• **ABOUT THIS TASK**: Begin the copy at the line that contains "Laura Ashley Josette", end it at the last line of the entries below, keep every word exact, and include no pictures.

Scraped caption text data
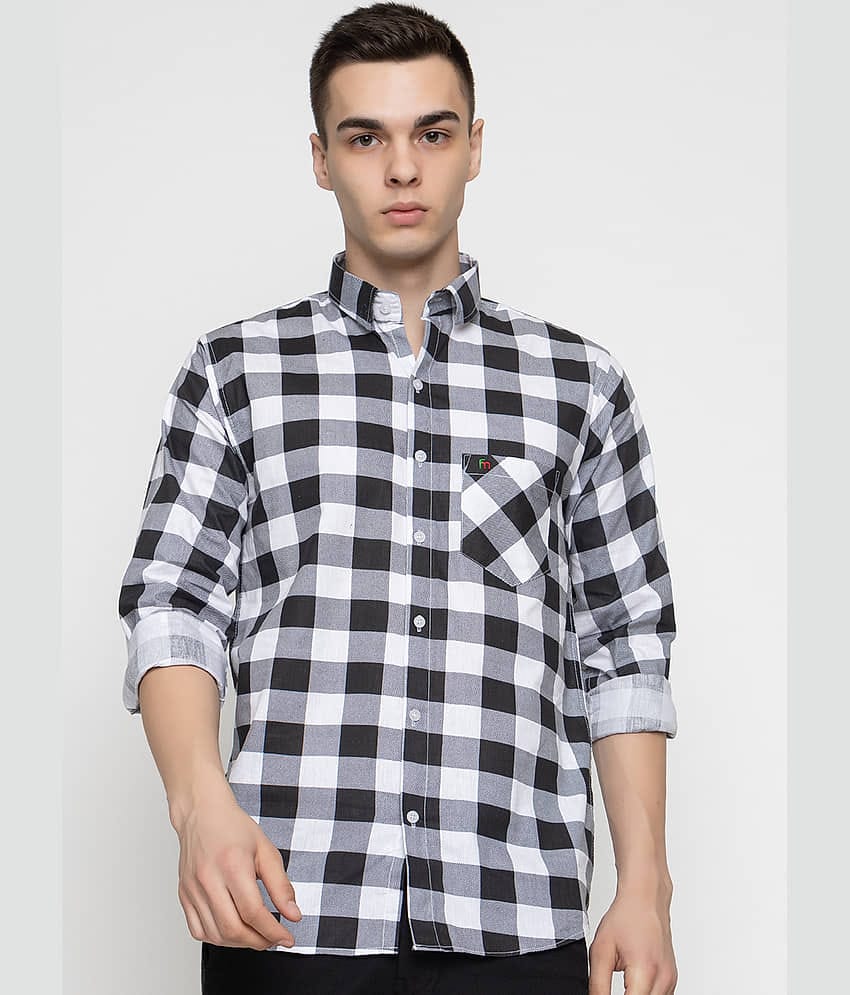 MODERNITY Cotton Blend Regular Fit Checks Full Sleeves Men's Casual Shirt - Black ( Pack of 1 )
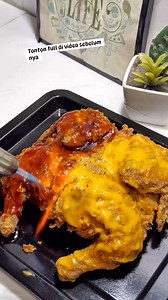 Ayam goreng bakar 1 ekor saos hot lava dan keju #fyp #ayamgoreng | Ayu Wandira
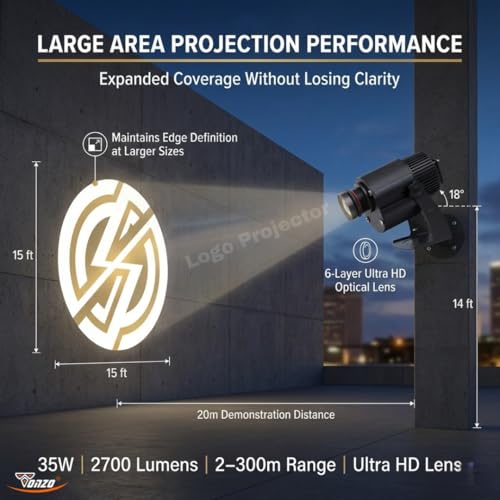 Image of TONZO 35W LED Logo Projector Light, 2700 Lumens, 4-15ft Range, 1 Custom Lens, IP67 Waterproof Outdoor GOBO Projector with Remote, Static & Rotating Advertising Light for Shop Event Business Storefront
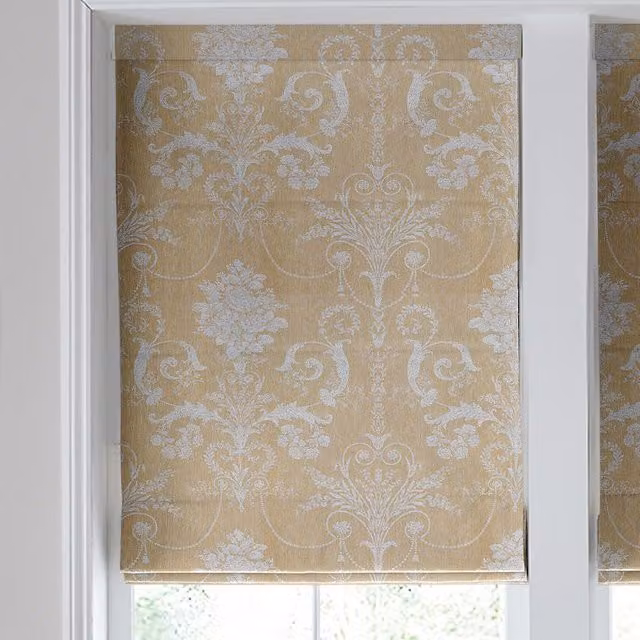 Laura Ashley Josette Made to Measure Blackout Roman Blind in Gold Floral Woven Textile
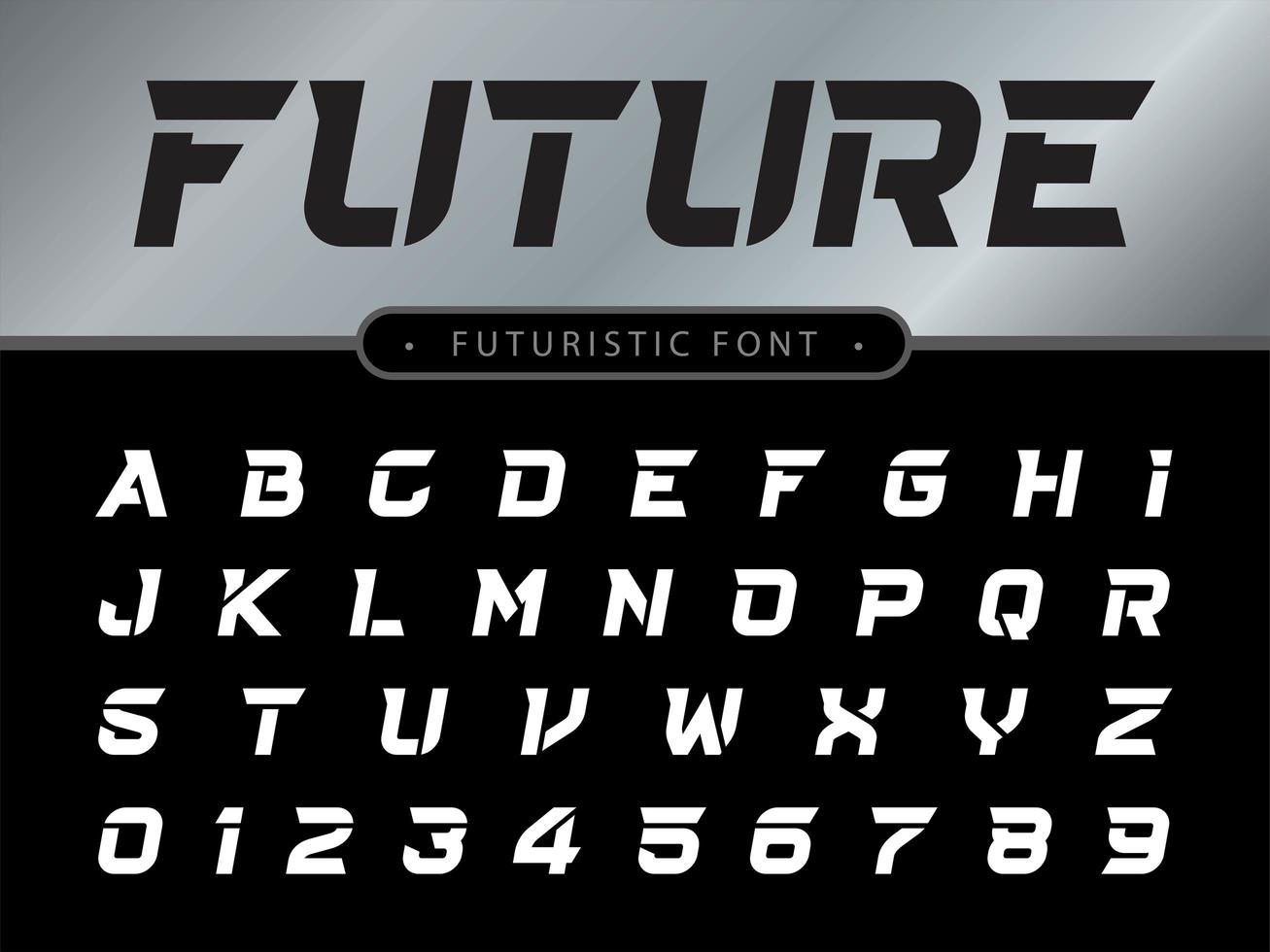 Technology styled font  vector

• **WRITTEN RESPONSE**:
 Laura Ashley Josette Made to Measure Blackout Roman Blind in Gold Floral Woven Textile
 Technology styled font  vector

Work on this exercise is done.